Per superare una crisi che si riaffaccia ad anni alterni, è chiaro che la repressione non basta. La sfida è incidere e possibilmente cambiare in parte le regole del mercato continentale. A dicembre la Corte di giustizia europea ha annullato l’accordo di libero scambio tra Ue e Marocco, siglato nel 2012 che ha consentito agli agrumi del Paese nordafricano di godere di un regime fiscale agevolato. Una bocciatura che non si basa su questioni economiche, ma ancora una volta politiche: il Marocco esporta infatti agrumi coltivati anche nel Sahara occidentale, dove abita il popolo Saharawi che rivendica la propria autonomia. Ma finora nulla è cambiato per la Sicilia. «Tutto – spiega Gerardo Diana – potrebbe risolversi nell’esclusione dei prodotti che vengono da quel circoscritto territorio. Ma noi abbiamo chiesto di cogliere l’occasione per ridiscutere e rendere più efficiente quell’accordo. Quanti di quei territori sono dei contadini marocchini, quando della famiglia reale o delle multinazionali? Quanto costa una giornata lavorativa lì e che prodotti vengono usati? Servono regole chiare, ad esempio inserire gli agrumi esteri in determinati momenti dell’anno, magari quando la nostra produzione si è esaurita».

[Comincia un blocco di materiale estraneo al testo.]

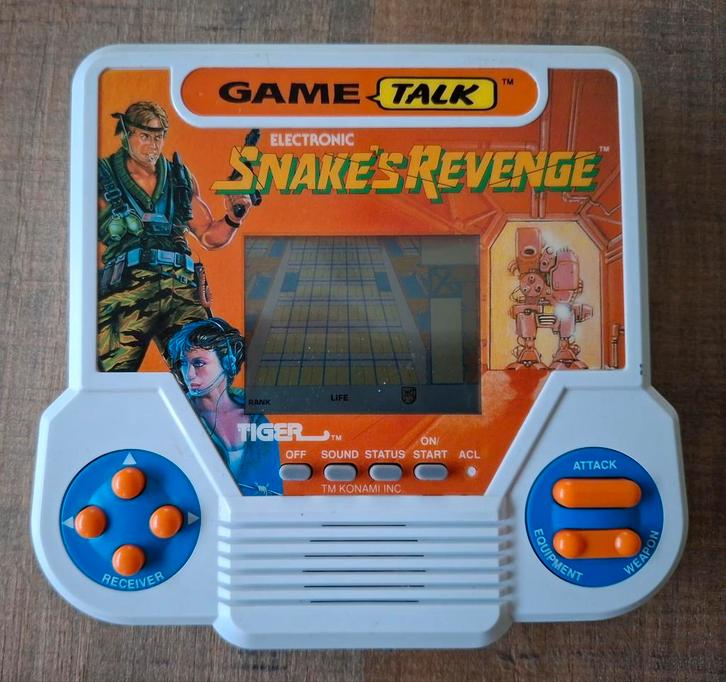 Tiger Snake's Revenge Gametalk LCD game (DEFECT), Spelcomputers en Games, Games | Overige, 1 speler, Vanaf 3 jaar, Ophalen of Verzenden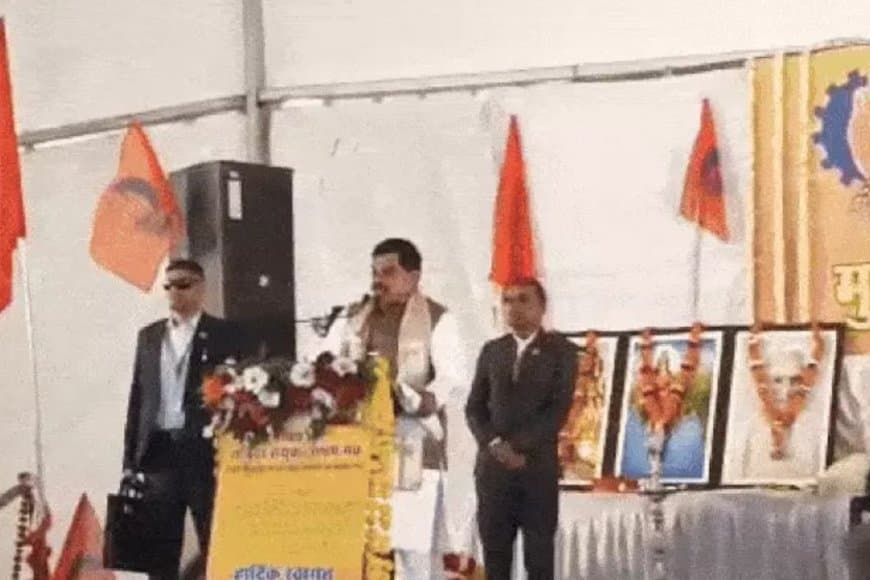 संविदा महासम्मेलन:  मांगों के लिए बनेगी कमेटी, 'राम को हनुमान की तरह सरकार को आपकी जरूरत'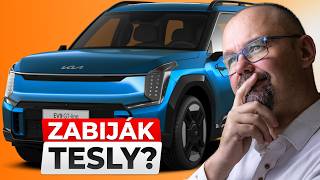 Kia EV9 GT-Line: Král na poli rodinných SUV? | BACINA.TV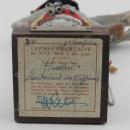 Lieutenant du 3 ème Hussard. Figurine Marcel Riffet. 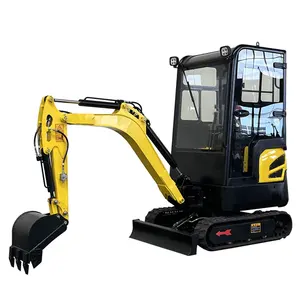 Nhà máy cung cấp 1.8 tấn đa chức năng Mini Máy xúc nhỏ Digger minibagger 3 tấn máy xúc với dịch vụ tốt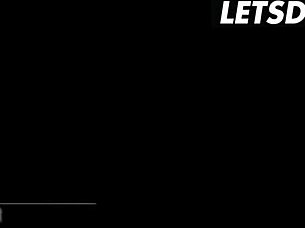 HORNY BABE Claudia Macc Craves MONSTER COCK in Tight Pussy Spooning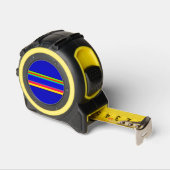 blauwe textuur rolmaat (Hoek)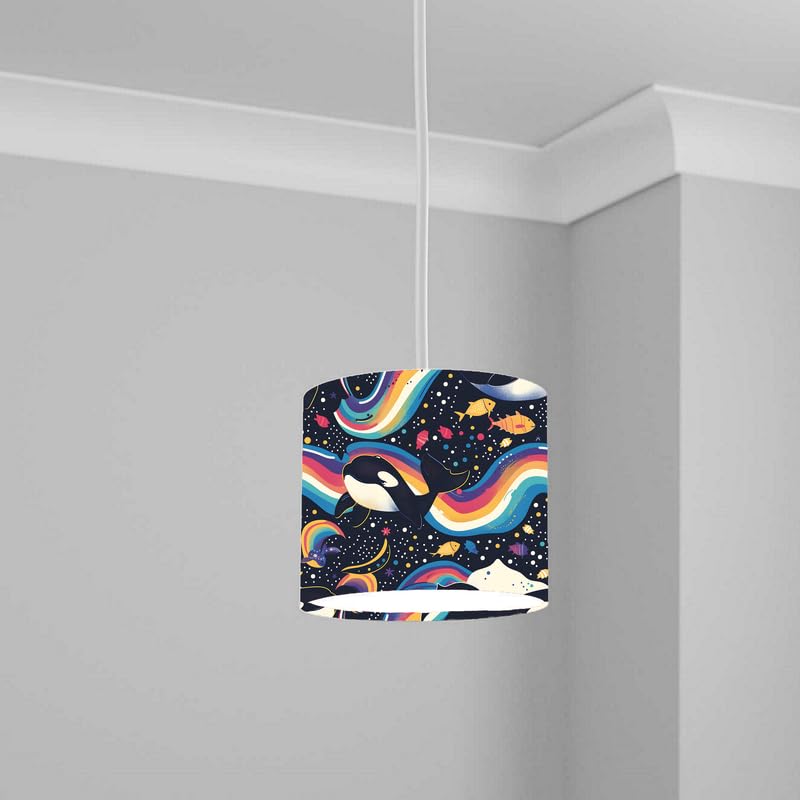 Aquatic Lampshade Kids Bedroom LightShade ver106 20CM X 18.5CM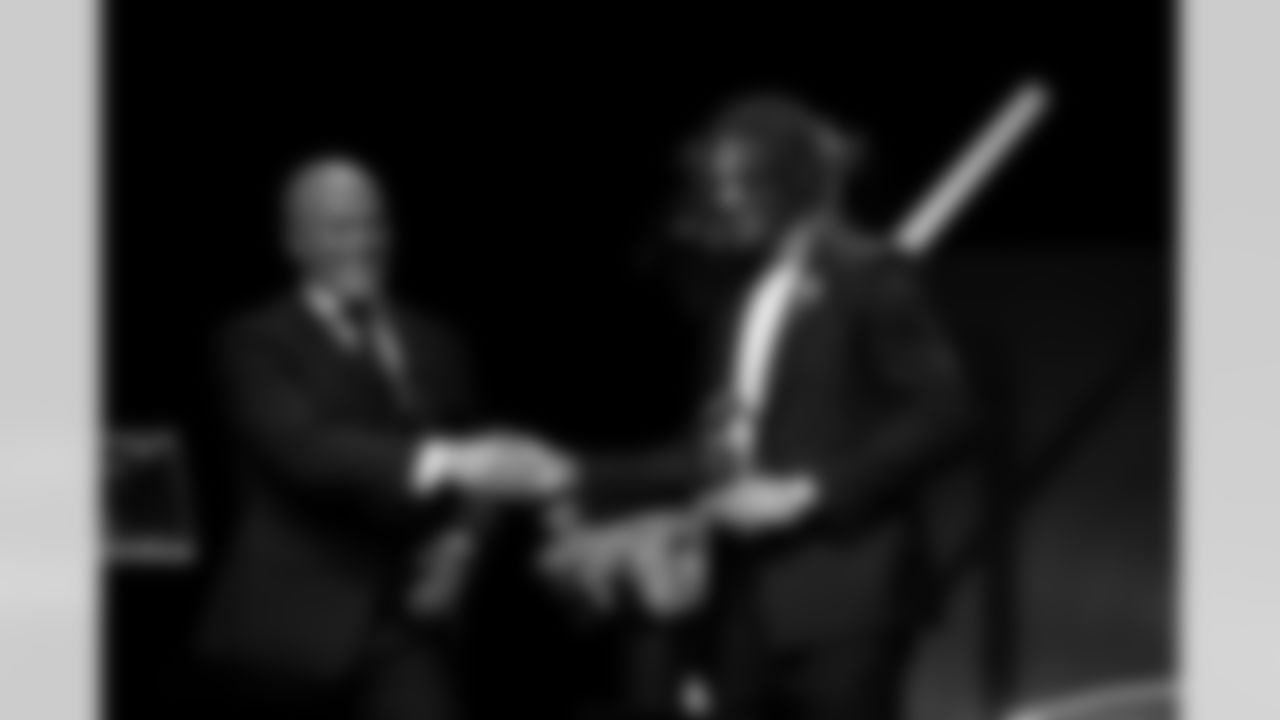 Scenes from the 2025 Community Honors Show at Buckhead Theatre in Atlanta, Ga. on Monday, December 15, 2025. (Photo by Jay Bendlin/Atlanta Falcons)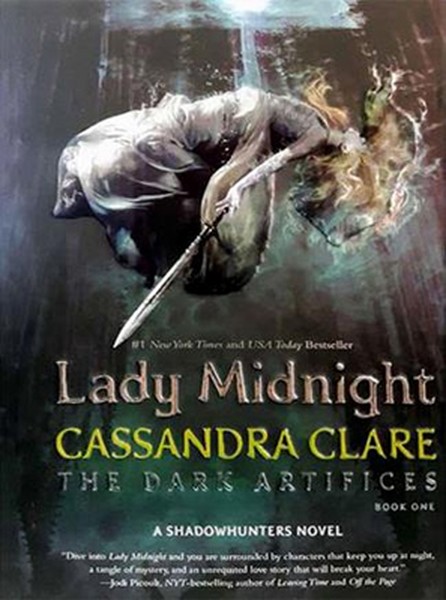 تصویر  Lady Midnight - The Dark Artifices 1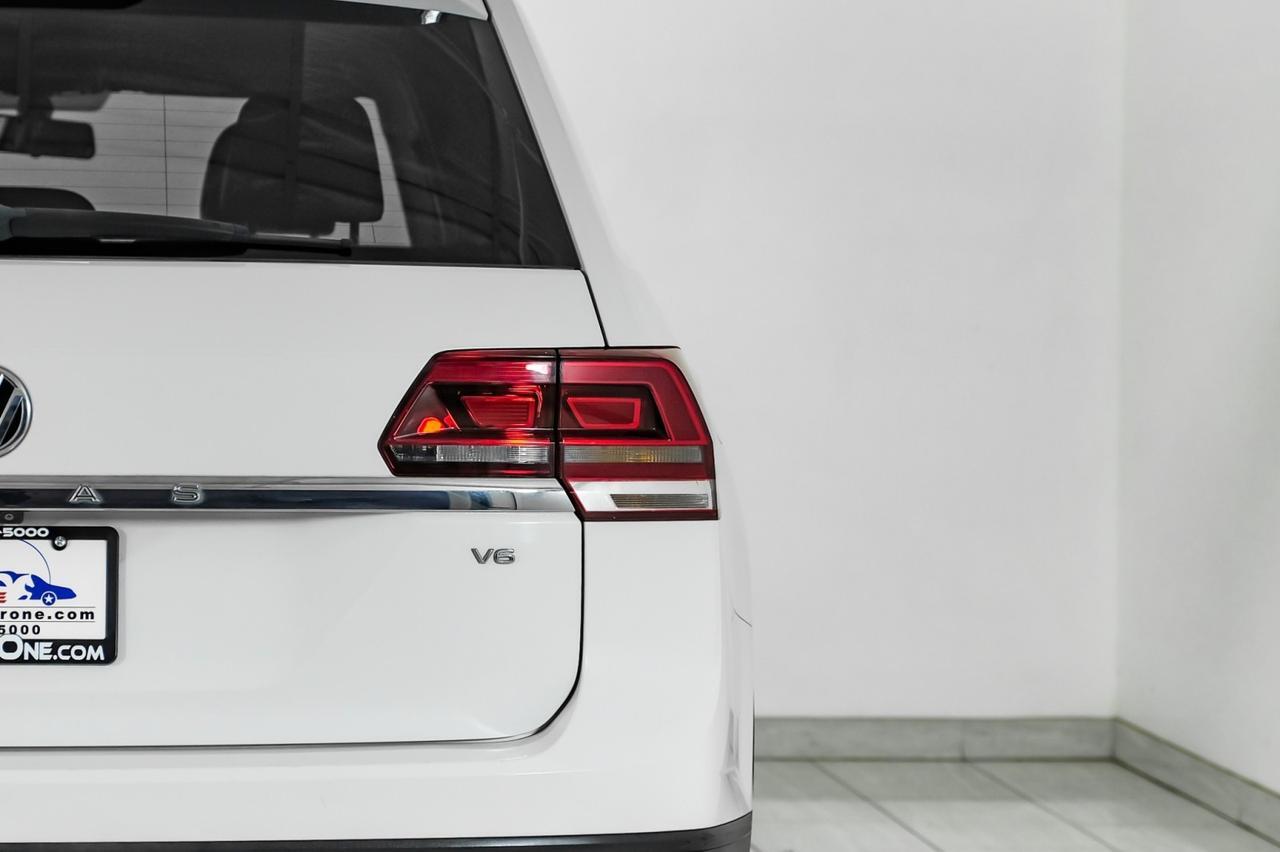 2019 Volkswagen Atlas 3.6L SE BLIND SPOT ASSIST LEATHER HEATED SEATS REAR CAMERA KEYLE Carrollton TX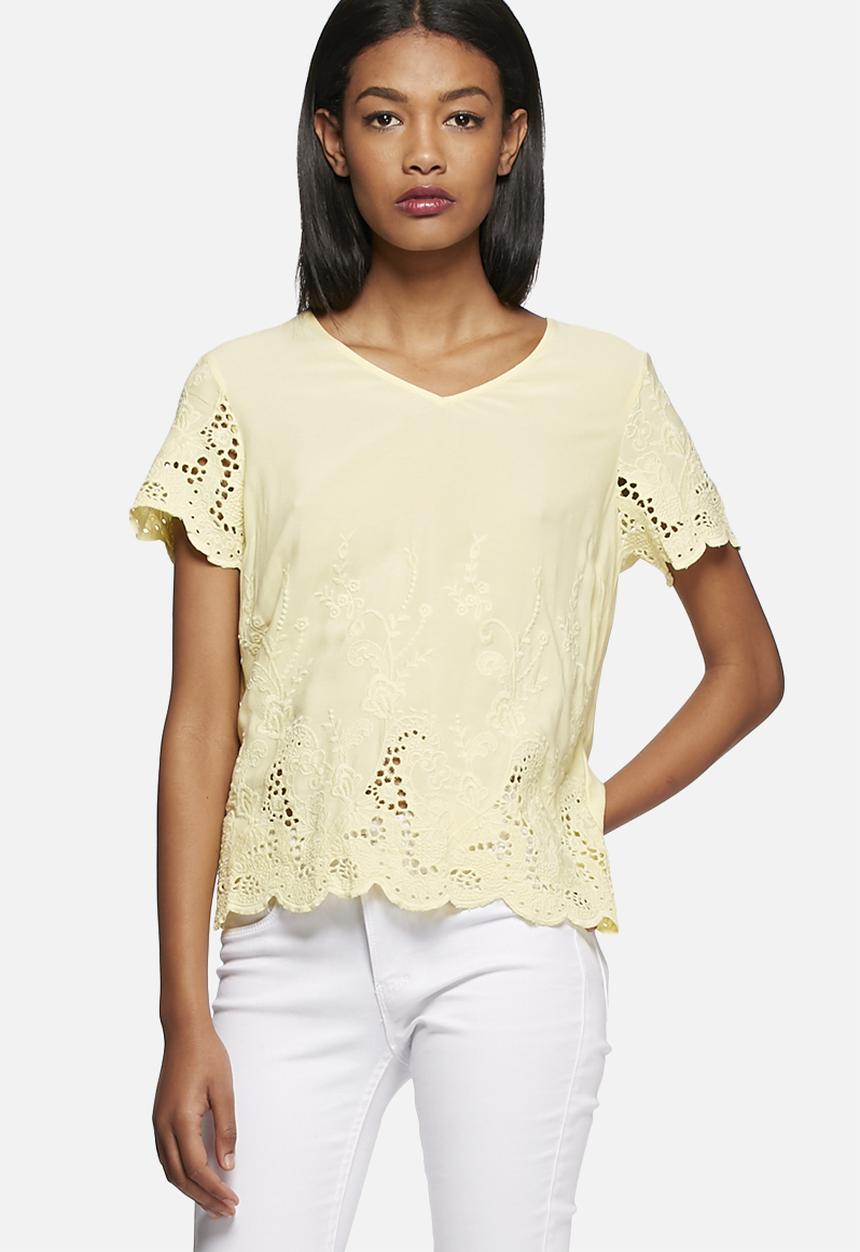 Vero Moda - Lova anglaise top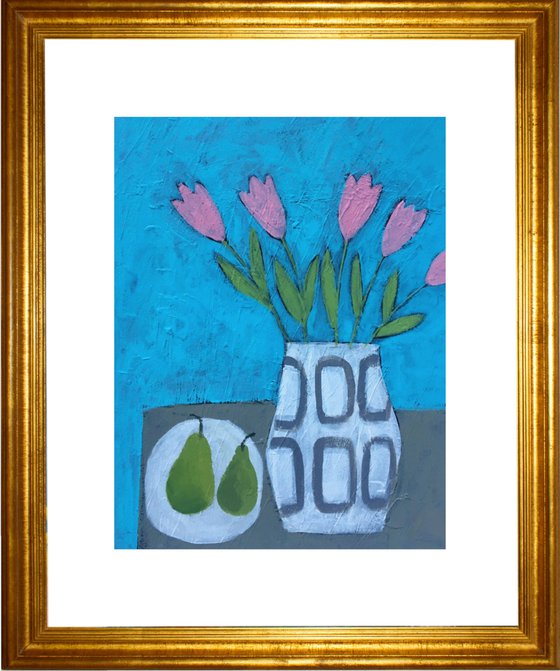 Tulips and Pears IV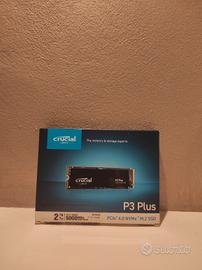CRUCIAL P3 Plus SSD 2TB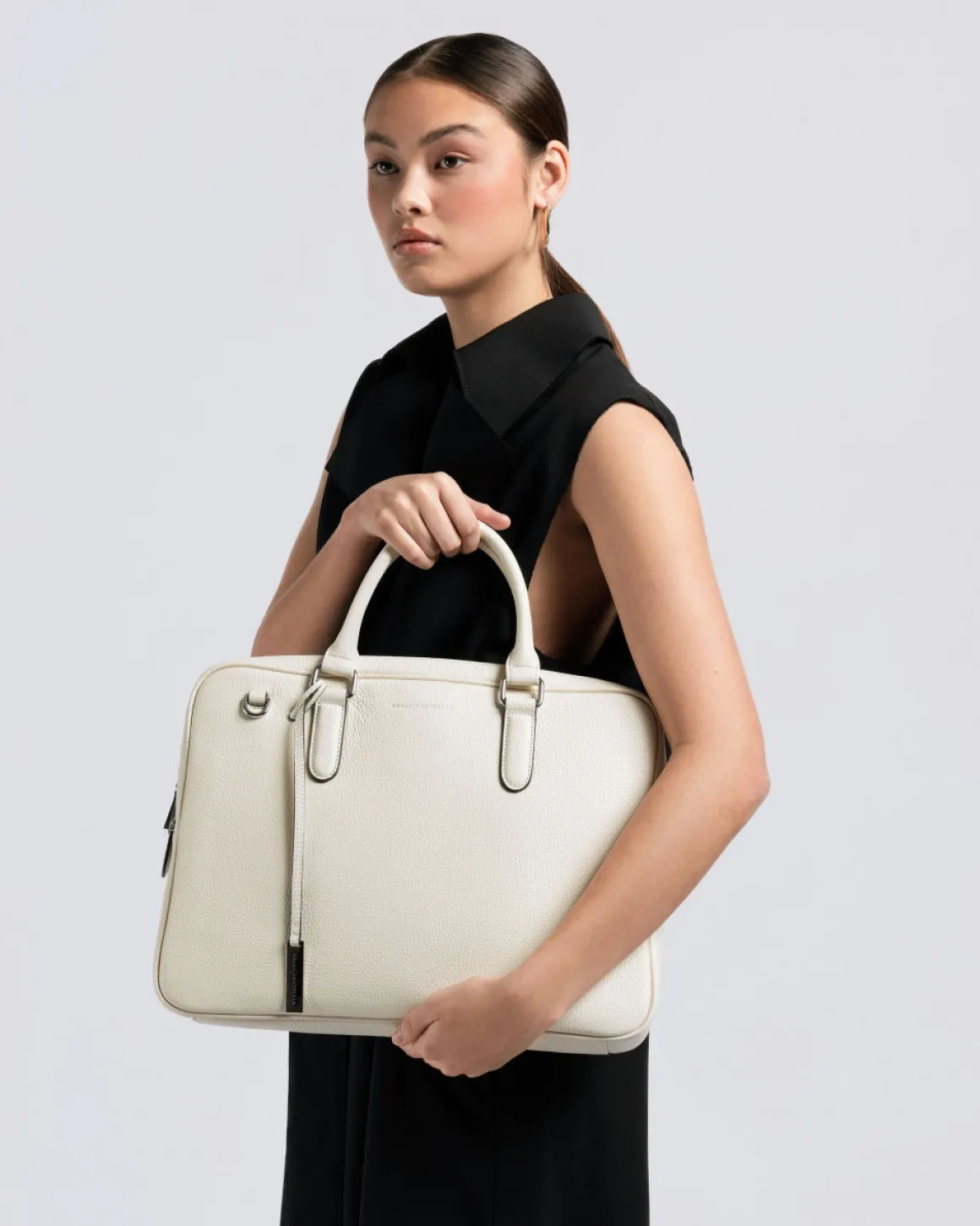 Smaak Amsterdam Handtassen | Laptoptassen-ADAM (online exclusive) | EGG SHELL Eggshell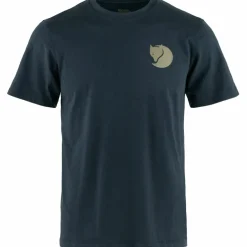 Fjällräven Walk With Nature shirt heren dark navy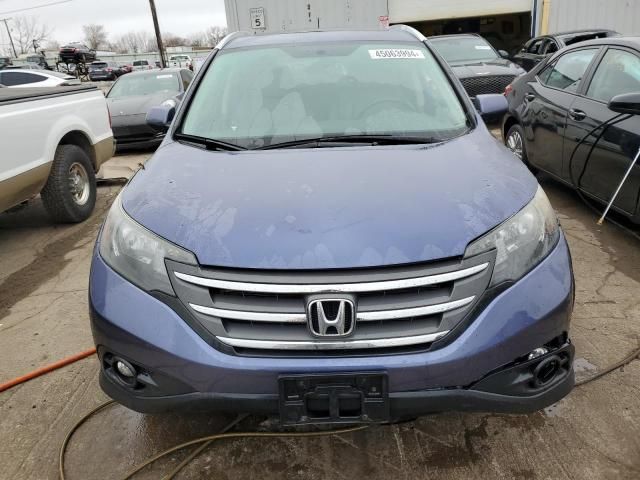 2012 Honda CR-V EXL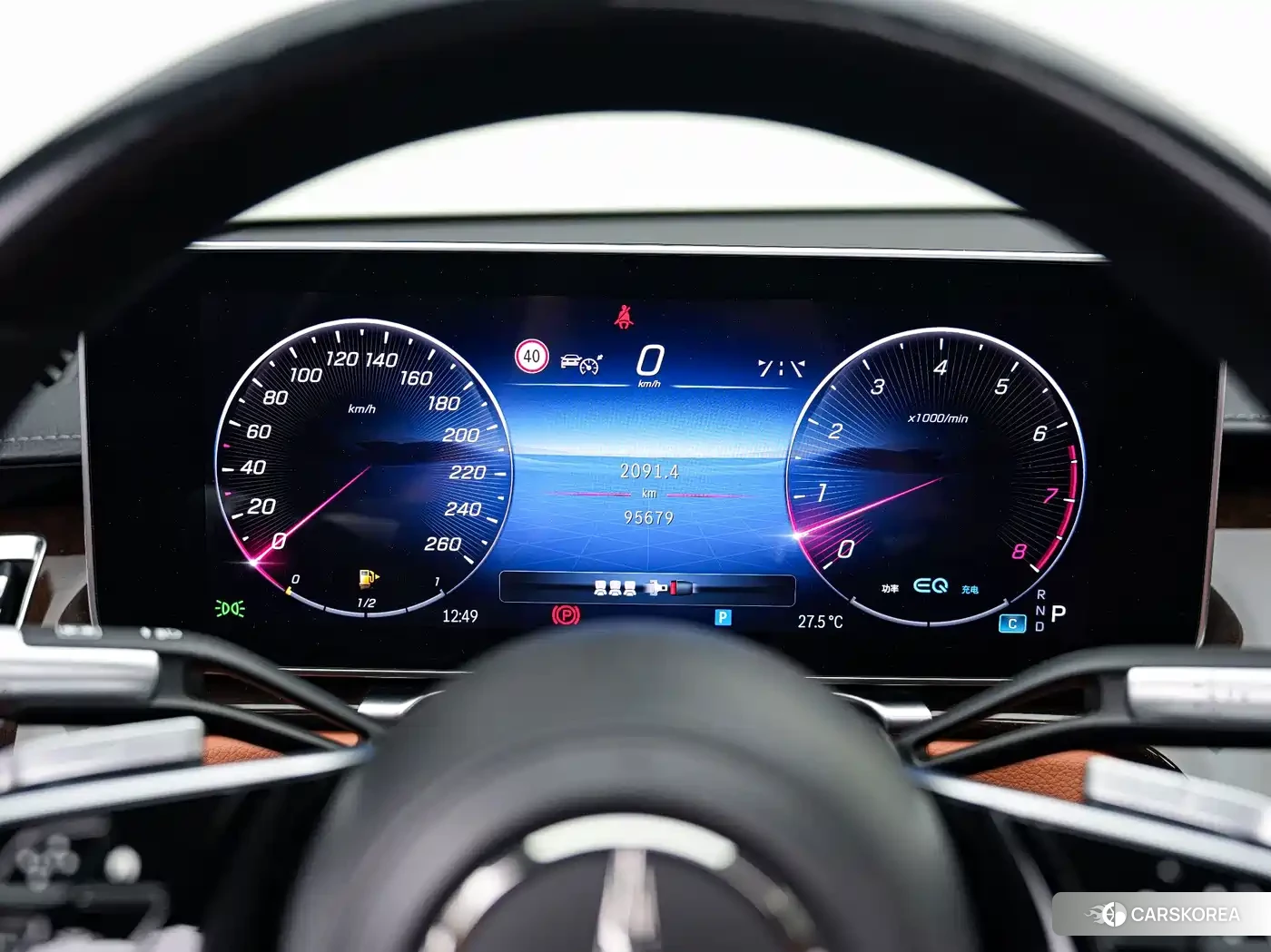Mercedes-Benz S-Class 2022 Черный из Китая, фото 4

Infine c’è da guardare verso quello che succede a migliaia di chilometri di distanza. «Dopo i problemi con la Turchia – spiega Vigo – la Russia si è rivolta all’Egitto e all’Iran. Quindici anni fa l’Egitto aveva una superficie agrumetata inferiore a quella della Sicilia, adesso l’ha superata. Esporta agrumi e importa metano». Mentre i produttori siciliani non riescono a intercettare quel mercato. «Il problema – continua il presidente degli agronomi – è la frammentazione dei produttori e l’incapacità di imporre un prezzo unico». Si prende spesso a modello il caso delle mele del Trentino riunite nel marchio Melinda. «C’erano 160 cooperative, adesso hanno un unico consorzio con tanti centri di confezionamento distribuiti sul territorio, ma quando si fa questo paragone si scorda che, dopo averle raccolte, le mele resistono anche due anni, le arance invece si rovinano dopo un mese e mezzo nelle celle. In ogni caso – conclude Vigo – si dovrebbe ripartire da un unico consorzio per raggruppare i venditori e stabilire il prezzo alla grande distribuzione: se tutti i produttori dicessero “a meno di 30 centesimi non si vende”, forse non saremmo in questa situazione».